**What is being asked:** Begin the copy at the line containing "Citing one decided" in the data below and end it at the line containing "For CVP analysis", keeping each line exact and leaving out pictures.

(Study material Opens)

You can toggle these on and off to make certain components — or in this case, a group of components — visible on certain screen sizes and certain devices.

(Study material Closes)
(Study material Opens)

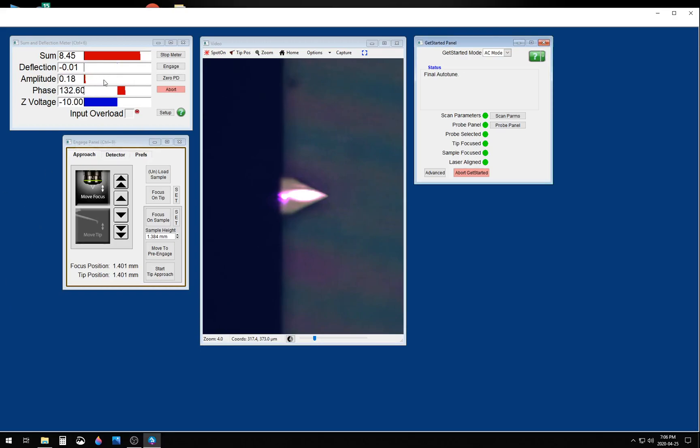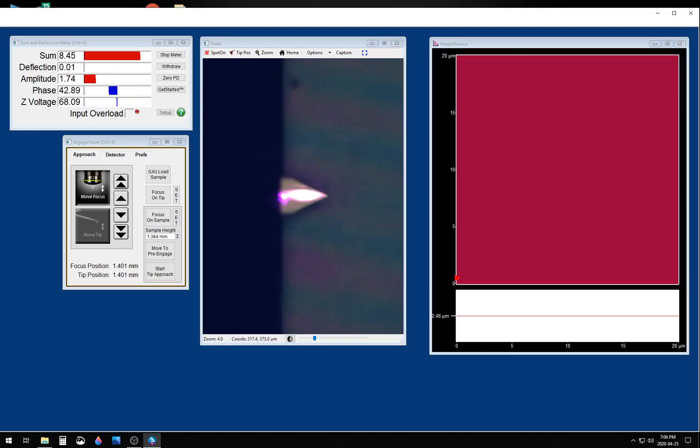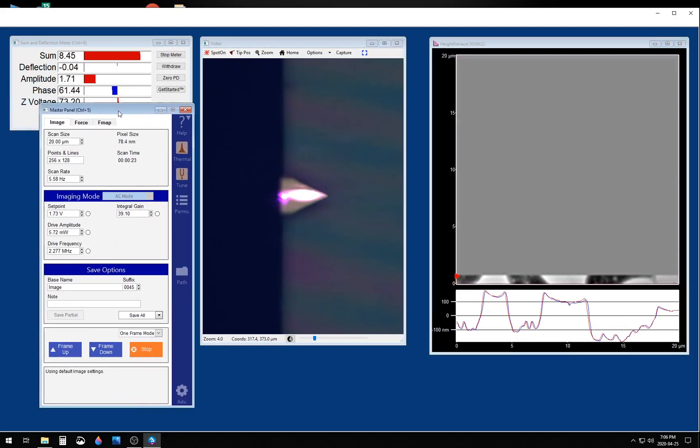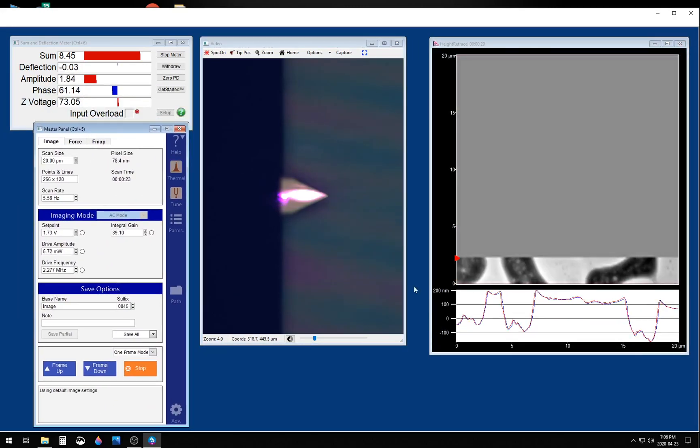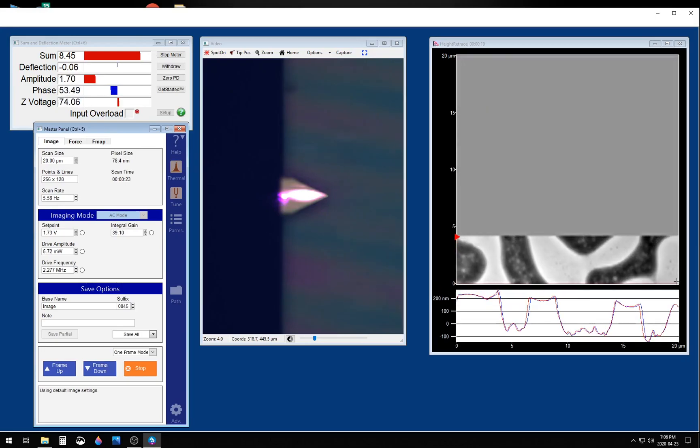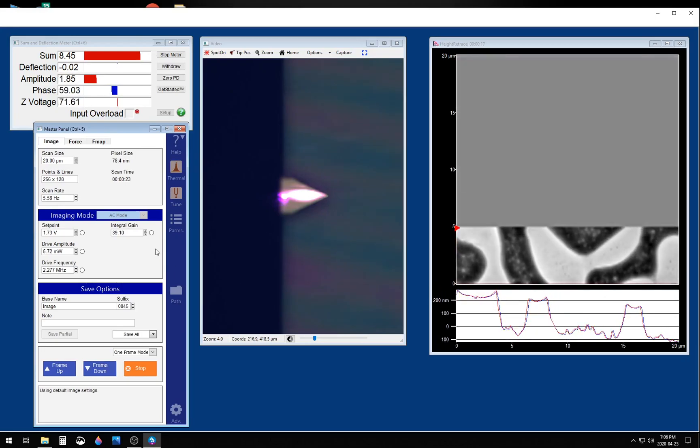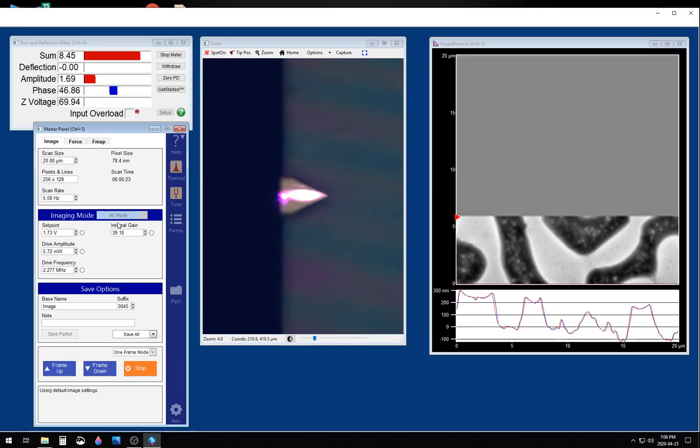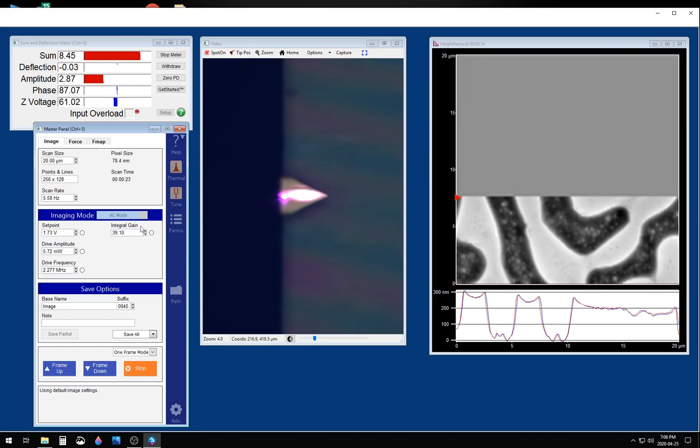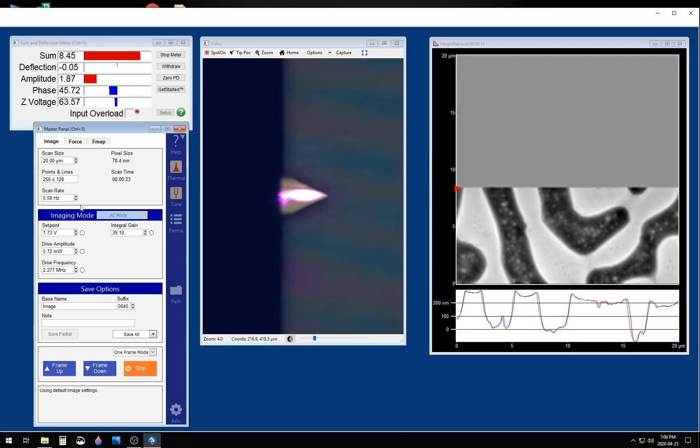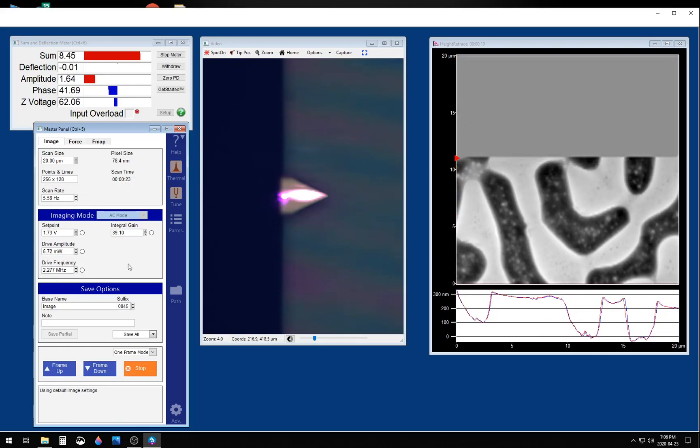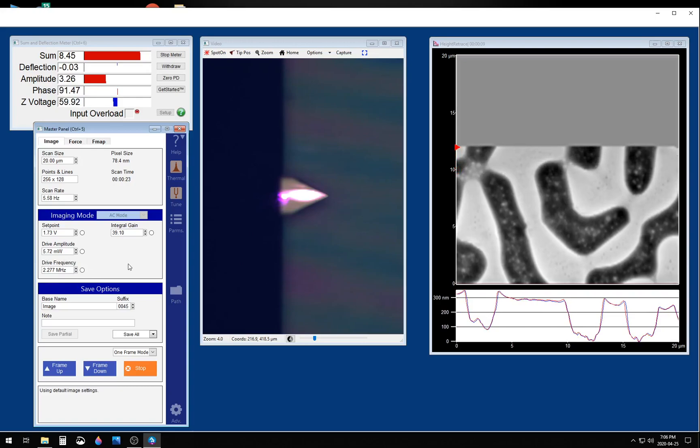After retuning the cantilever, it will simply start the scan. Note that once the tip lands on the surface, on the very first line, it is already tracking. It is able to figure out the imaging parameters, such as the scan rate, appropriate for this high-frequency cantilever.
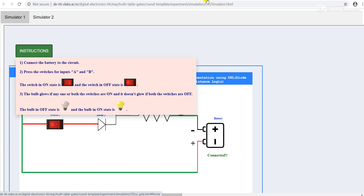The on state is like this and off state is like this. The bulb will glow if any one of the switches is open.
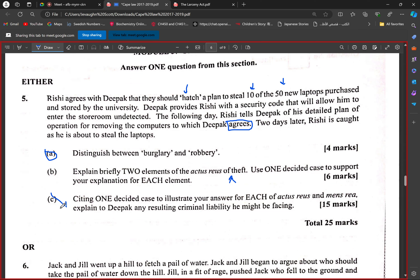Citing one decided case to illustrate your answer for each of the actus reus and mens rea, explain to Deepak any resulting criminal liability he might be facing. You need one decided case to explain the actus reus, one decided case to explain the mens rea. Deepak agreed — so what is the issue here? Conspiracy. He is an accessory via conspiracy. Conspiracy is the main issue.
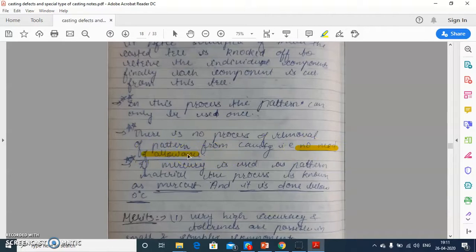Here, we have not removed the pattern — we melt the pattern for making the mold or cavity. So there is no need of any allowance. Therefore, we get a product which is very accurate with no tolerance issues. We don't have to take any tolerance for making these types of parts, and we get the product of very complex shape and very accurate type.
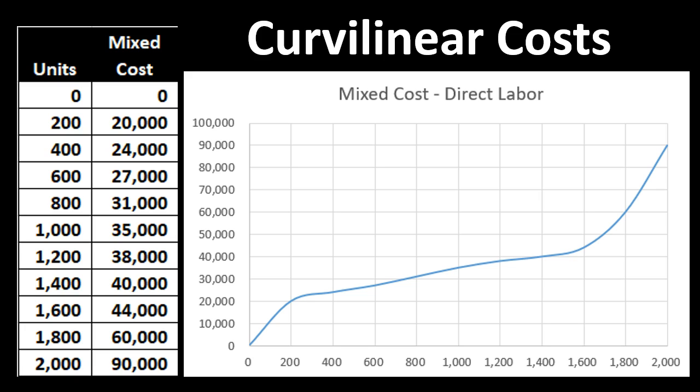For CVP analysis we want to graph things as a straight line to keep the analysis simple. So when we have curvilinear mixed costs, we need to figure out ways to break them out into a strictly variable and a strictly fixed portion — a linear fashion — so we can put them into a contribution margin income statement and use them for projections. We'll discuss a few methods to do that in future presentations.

(Study material Closes)

**Output for this task:**
Citing one decided case to illustrate your answer for each of the actus reus and mens rea, explain to Deepak any resulting criminal liability he might be facing. You need one decided case to explain the actus reus, one decided case to explain the mens rea. Deepak agreed — so what is the issue here? Conspiracy. He is an accessory via conspiracy. Conspiracy is the main issue.
Here, we have not removed the pattern — we melt the pattern for making the mold or cavity. So there is no need of any allowance. Therefore, we get a product which is very accurate with no tolerance issues. We don't have to take any tolerance for making these types of parts, and we get the product of very complex shape and very accurate type.
For CVP analysis we want to graph things as a straight line to keep the analysis simple. So when we have curvilinear mixed costs, we need to figure out ways to break them out into a strictly variable and a strictly fixed portion — a linear fashion — so we can put them into a contribution margin income statement and use them for projections. We'll discuss a few methods to do that in future presentations.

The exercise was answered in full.